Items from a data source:
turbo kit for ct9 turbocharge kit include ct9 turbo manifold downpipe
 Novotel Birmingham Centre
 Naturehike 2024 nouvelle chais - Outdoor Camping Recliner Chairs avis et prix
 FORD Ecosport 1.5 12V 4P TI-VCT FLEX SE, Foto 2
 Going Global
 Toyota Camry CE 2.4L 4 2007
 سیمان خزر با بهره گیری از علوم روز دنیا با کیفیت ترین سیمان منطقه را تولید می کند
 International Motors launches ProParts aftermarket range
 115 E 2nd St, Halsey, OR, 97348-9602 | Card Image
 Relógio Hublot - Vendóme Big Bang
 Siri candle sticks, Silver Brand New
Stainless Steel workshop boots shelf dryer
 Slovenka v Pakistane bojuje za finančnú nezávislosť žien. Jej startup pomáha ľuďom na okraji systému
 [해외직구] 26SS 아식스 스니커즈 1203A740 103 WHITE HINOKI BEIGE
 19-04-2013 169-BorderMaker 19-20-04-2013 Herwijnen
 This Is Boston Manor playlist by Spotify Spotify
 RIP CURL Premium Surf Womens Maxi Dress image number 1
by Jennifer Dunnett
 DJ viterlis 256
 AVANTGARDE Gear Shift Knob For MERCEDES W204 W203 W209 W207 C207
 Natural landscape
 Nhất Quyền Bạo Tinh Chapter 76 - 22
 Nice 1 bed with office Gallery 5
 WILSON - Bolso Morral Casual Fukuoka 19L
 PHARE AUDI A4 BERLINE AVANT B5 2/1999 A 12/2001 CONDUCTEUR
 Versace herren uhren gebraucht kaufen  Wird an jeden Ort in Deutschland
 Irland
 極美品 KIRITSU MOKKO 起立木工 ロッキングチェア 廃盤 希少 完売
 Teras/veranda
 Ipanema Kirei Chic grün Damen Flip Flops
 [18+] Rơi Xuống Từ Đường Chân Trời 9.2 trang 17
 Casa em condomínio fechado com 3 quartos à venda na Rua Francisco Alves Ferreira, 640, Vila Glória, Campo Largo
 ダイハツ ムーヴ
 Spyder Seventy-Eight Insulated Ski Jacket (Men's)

WHAT TO PRODUCE: Reproduce each entry exactly, leaving out nothing.

ANSWER TO THIS EXERCISE:
turbo kit for ct9 turbocharge kit include ct9 turbo manifold downpipe
 Novotel Birmingham Centre
 Naturehike 2024 nouvelle chais - Outdoor Camping Recliner Chairs avis et prix
 FORD Ecosport 1.5 12V 4P TI-VCT FLEX SE, Foto 2
 Going Global
 Toyota Camry CE 2.4L 4 2007
 سیمان خزر با بهره گیری از علوم روز دنیا با کیفیت ترین سیمان منطقه را تولید می کند
 International Motors launches ProParts aftermarket range
 115 E 2nd St, Halsey, OR, 97348-9602 | Card Image
 Relógio Hublot - Vendóme Big Bang
 Siri candle sticks, Silver Brand New
Stainless Steel workshop boots shelf dryer
 Slovenka v Pakistane bojuje za finančnú nezávislosť žien. Jej startup pomáha ľuďom na okraji systému
 [해외직구] 26SS 아식스 스니커즈 1203A740 103 WHITE HINOKI BEIGE
 19-04-2013 169-BorderMaker 19-20-04-2013 Herwijnen
 This Is Boston Manor playlist by Spotify Spotify
 RIP CURL Premium Surf Womens Maxi Dress image number 1
by Jennifer Dunnett
 DJ viterlis 256
 AVANTGARDE Gear Shift Knob For MERCEDES W204 W203 W209 W207 C207
 Natural landscape
 Nhất Quyền Bạo Tinh Chapter 76 - 22
 Nice 1 bed with office Gallery 5
 WILSON - Bolso Morral Casual Fukuoka 19L
 PHARE AUDI A4 BERLINE AVANT B5 2/1999 A 12/2001 CONDUCTEUR
 Versace herren uhren gebraucht kaufen  Wird an jeden Ort in Deutschland
 Irland
 極美品 KIRITSU MOKKO 起立木工 ロッキングチェア 廃盤 希少 完売
 Teras/veranda
 Ipanema Kirei Chic grün Damen Flip Flops
 [18+] Rơi Xuống Từ Đường Chân Trời 9.2 trang 17
 Casa em condomínio fechado com 3 quartos à venda na Rua Francisco Alves Ferreira, 640, Vila Glória, Campo Largo
 ダイハツ ムーヴ
 Spyder Seventy-Eight Insulated Ski Jacket (Men's)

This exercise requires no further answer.